The funny thing about dreams is that in my warped little mind, I have often talked myself into believing that it’s far more exciting to keep them close to the heart instead of giving them life and potentially risking a less than fabulous outcome. This has been a pattern for most of my life; in order to keep the dream alive and pretty I just don’t share it.
Today I asked myself a different sort of question; what do I risk if I don’t claim my dream? What happiness will have eluded me just so I could stay comfortable? Now there’s something to really thing about….the big scary elephant in the room that begs to know what I will have potentially sacrificed if I just don’t do a thing.
Sometimes I look around me and become acutely aware of the people that came before me and never bothered to go in search of their own dreams. They have a certain look about them that is one part longing, one part melancholy, a tiny sprinkling of bitterness and a whole lot of regret. I don’t want to be that person. I don’t want my story to start off with “She had so much potential…..”
You and I deserve our own slice of the Happiness pie. We deserve big fat bites of bliss layered with spoonfuls of laughter and a zest for life that has the power to take us to the moon and beyond. We deserve to finally put on fabulous shoes that actually fit so that we don’t have to spend one more moment tripping over our own two feet. We deserve to get out of our own way, get out of our own heads and give the world a chance to celebrate our dreams with us. There is endless hope in possibility and if we intentionally hide who we are or what we want to be then aren’t we essentially slamming a BIG door shut before we ever tried to walk through it? YES!

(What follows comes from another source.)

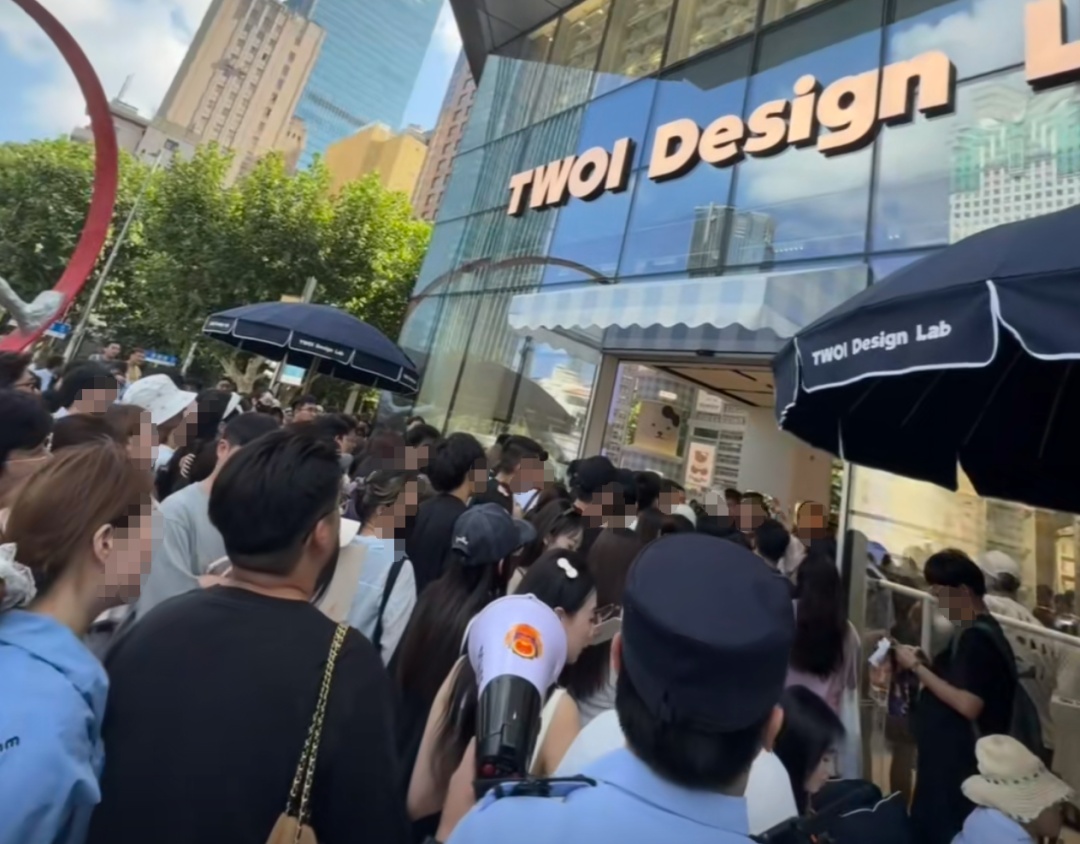 开业第一天就闭店！人多到崩溃，排队8小时没进去！官方紧急道歉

We can choose to wrap ourselves in a big scratchy blanket of fear and anticipation or we can stand up, toss it aside, let a little light in and decide to give our dreams a chance. Twenty years from now when you are looking back on your life wouldn’t you rather be able to say “I tried it ALL” versus, “Well, I played it safe and look at me…..no bruises!” Give me the bruises any day! Give me the bumps and chips, scrapes and scratches so that when I am ninety years old I can gather all my friends at the Retirement home around the piano and tell them delicious tales of where each and every scar came from! I will have billowy blue hair, a rainbow colored cape and if all goes as planned I will be exhausted from having LIVED every moment of my life.
Wishing you the freedom to LIVE your life as big and colorful as you could ever dream it can be!